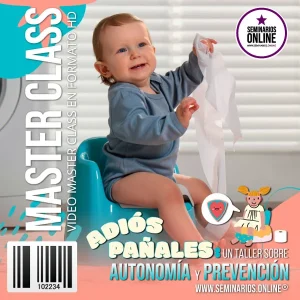 Curso Adiós Pañales un Taller Sobre Autonomía y Prevención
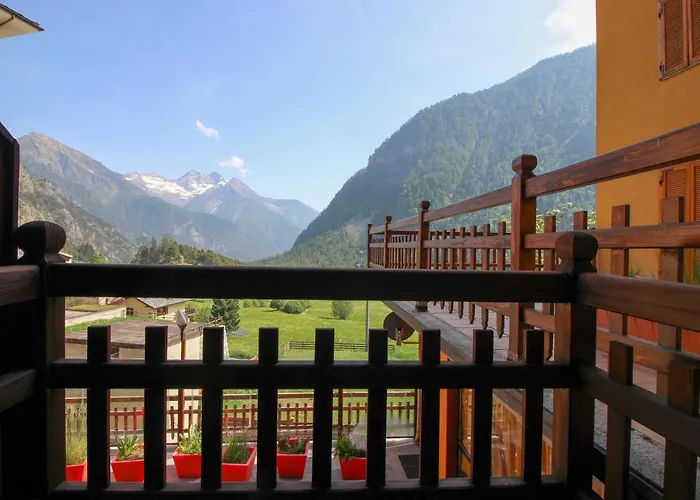 아파트 Aquila - Bilo Monte Rena 브루송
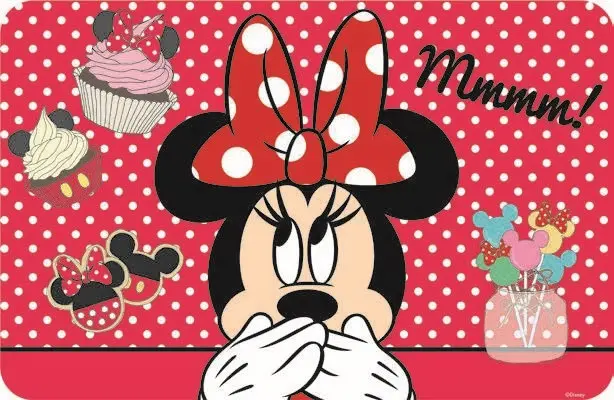 Disney Minnie Mouse prestieranie 43*28 cm produktová fotografia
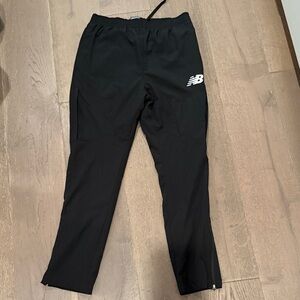 New Balance Black Joggers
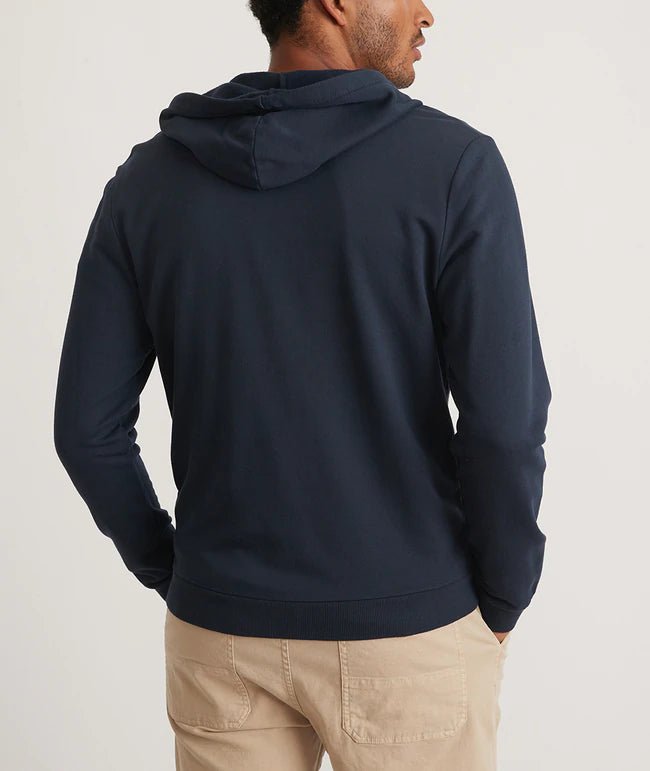 Afternoon Full Zip Hoodie - MST GoodsHoodieMarine Layer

■ Task item
Every line above must appear in the answer unchanged, and no picture may appear in it.

■ Result
 Curso Adiós Pañales un Taller Sobre Autonomía y Prevención
 아파트 Aquila - Bilo Monte Rena 브루송
 Disney Minnie Mouse prestieranie 43*28 cm produktová fotografia
 New Balance Black Joggers
 Afternoon Full Zip Hoodie - MST GoodsHoodieMarine Layer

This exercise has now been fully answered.